Commission challenges Council over EU 2014 budget

State of the Union Address 2013 by José Manuel Barroso, President of the EuropeanCommission. Several Members of the College of the Barroso II Commission, in front of the press in the 1st row Catherine Ashton, High Representative of the Union for Foreign Affairs and Security Policy and Vice-President of the EC, and José Manuel Barroso, in the 2nd row Joaquín Almunia, Vice-President of the EC in charge of Competition, and Viviane Reding, Vice-President of the EC in charge of Justice, Fundamental Rights and Citizenship (EC Audiovisual Services, 11/9/2013).

State of the Union Address 2013 by José Manuel Barroso, President of the EuropeanCommission. Several Members of the College of the Barroso II Commission, in front of the press in the 1st row Catherine Ashton, High Representative of the Union for Foreign Affairs and Security Policy and Vice-President of the EC, and José Manuel Barroso, in the 2nd row Joaquín Almunia, Vice-President of the EC in charge of Competition, and Viviane Reding, Vice-President of the EC in charge of Justice, Fundamental Rights and Citizenship (EC Audiovisual Services, 11/9/2013).

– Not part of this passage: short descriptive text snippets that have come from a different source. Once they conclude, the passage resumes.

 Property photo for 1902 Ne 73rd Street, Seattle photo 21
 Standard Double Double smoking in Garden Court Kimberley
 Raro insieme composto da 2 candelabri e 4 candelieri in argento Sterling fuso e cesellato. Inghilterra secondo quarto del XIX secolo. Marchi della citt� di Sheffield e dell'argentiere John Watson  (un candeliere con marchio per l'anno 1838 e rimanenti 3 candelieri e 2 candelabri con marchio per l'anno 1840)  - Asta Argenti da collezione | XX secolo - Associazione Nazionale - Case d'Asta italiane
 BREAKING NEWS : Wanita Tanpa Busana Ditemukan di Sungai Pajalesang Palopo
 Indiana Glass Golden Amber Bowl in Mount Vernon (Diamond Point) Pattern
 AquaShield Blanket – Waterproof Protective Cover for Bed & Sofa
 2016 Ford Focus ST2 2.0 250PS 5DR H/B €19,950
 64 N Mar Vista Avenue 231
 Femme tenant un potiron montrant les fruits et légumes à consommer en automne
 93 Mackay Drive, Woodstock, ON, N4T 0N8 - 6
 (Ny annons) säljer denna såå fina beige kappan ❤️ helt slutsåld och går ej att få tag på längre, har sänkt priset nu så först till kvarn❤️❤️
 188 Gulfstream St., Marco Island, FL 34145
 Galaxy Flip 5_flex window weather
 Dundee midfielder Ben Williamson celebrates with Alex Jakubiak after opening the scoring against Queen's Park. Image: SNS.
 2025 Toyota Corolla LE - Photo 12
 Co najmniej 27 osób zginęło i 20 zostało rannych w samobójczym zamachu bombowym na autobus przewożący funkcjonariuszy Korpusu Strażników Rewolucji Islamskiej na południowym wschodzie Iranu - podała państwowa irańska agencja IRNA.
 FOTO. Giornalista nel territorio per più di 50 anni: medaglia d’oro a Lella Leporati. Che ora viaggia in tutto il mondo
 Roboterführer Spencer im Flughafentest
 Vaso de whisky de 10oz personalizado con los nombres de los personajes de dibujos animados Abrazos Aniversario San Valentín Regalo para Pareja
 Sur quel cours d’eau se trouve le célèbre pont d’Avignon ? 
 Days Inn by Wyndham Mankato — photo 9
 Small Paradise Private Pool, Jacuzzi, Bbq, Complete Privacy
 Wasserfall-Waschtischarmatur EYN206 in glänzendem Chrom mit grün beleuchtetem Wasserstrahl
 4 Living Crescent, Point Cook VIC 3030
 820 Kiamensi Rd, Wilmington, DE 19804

Another €460 million should be added to the 2014 EU budget spending said yesterday the European Commission. This is a direct challenge to the Council’s position presented last week in the European Parliament shaping a severely cut down 2014 EU budget. The Commission asks additional funding exactly for those programmes that the Council wants to cut down, namely Erasmus+ (EU’s new programme for education, training and youth, €130 million more), COSME (also a new programme promoting entrepreneurship, in particular for small and medium enterprises, €30 million more) and Horizon 2020 (research and innovation, €200 million). On top of that the Commission proposes that the Union invests an extra €200 million in the tormented Cypriot economy of which €100 million to be disbursed next year. All those extras add up to €460 million more spending for 2014.

To support this new proposal the Commission notes that, these “changes mainly reflect the political agreement reached on the Multiannual Financial Framework (MFF) 2014-2020 between the leaders of the European Parliament, Council and Commission on 27-28 June”. At this point it has to be reminded that during the European Summit meetings of 27 and 28 June, the 27 EU leaders decided to “actively support youth employment and strengthen competitiveness, growth and jobs”. Following those directions from EU’s top leadership the Commission now proposes increased spending exactly for the relevant programmes, the same that the Council now wants to cut further.

Who pays for the party?

The idea behind this bold announcement is that the Commission in this way addresses itself directly to the 27 + 1 EU leaders reminding them what they decided last June and also avoiding pointless negotiations with the Lithuanian Presidency. Needless to say that the European Parliament backs all the way through the Commission’s proposal for the 2014 budget albeit restricted in relation to this year but not so severely cut as the Council wants.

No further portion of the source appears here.